- **RECORDS PROVIDED**
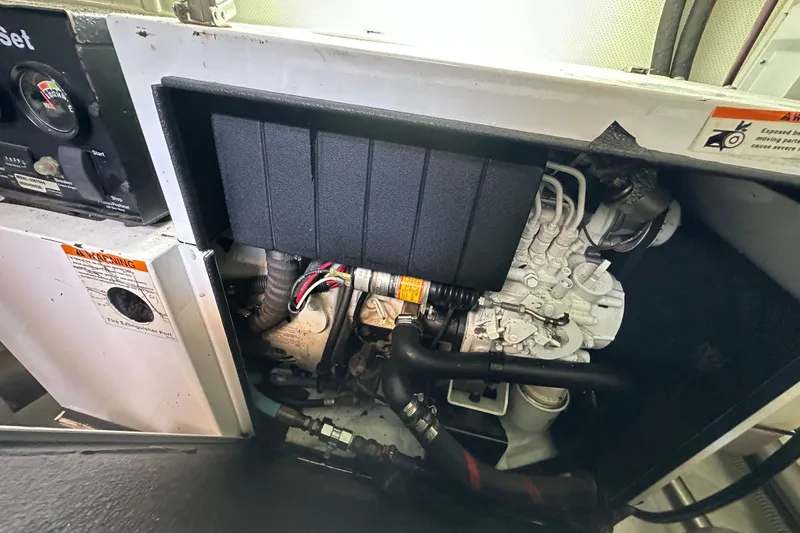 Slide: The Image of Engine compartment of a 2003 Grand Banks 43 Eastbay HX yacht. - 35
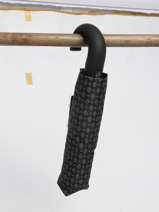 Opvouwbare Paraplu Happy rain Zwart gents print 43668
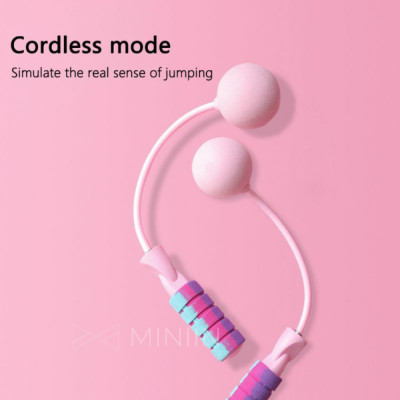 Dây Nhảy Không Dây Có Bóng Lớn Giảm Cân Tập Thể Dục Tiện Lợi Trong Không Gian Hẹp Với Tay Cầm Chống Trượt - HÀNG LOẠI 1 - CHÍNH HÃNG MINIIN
---
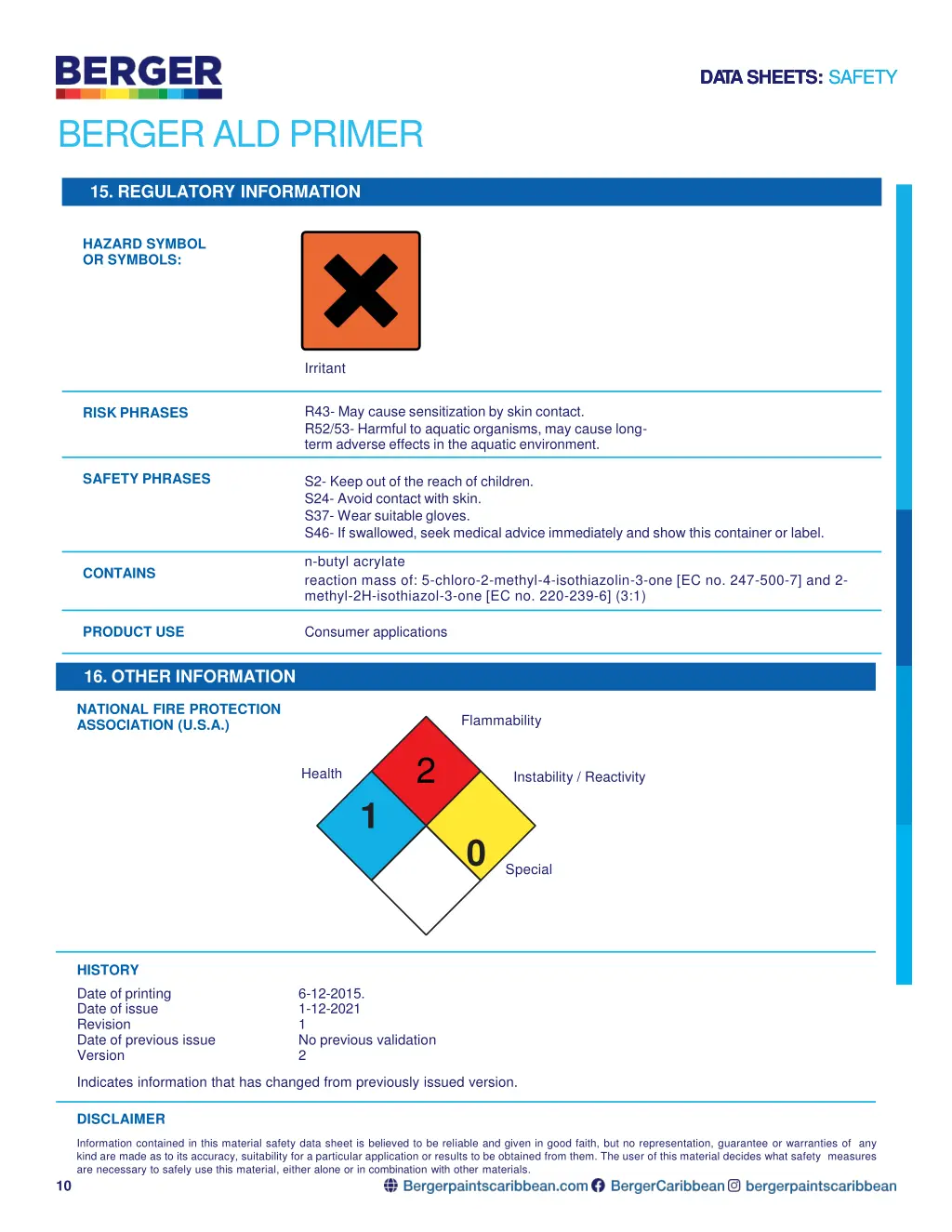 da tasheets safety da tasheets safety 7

- **ACTIVITY**
Only one stretch of the entries above is needed: the lines from the one containing "Slide: The Image" through the one containing "Dây Nhảy Không". Copy it exactly, without the pictures.

- **EXERCISE OUTPUT**
 Slide: The Image of Engine compartment of a 2003 Grand Banks 43 Eastbay HX yacht. - 35
 Opvouwbare Paraplu Happy rain Zwart gents print 43668
 Dây Nhảy Không Dây Có Bóng Lớn Giảm Cân Tập Thể Dục Tiện Lợi Trong Không Gian Hẹp Với Tay Cầm Chống Trượt - HÀNG LOẠI 1 - CHÍNH HÃNG MINIIN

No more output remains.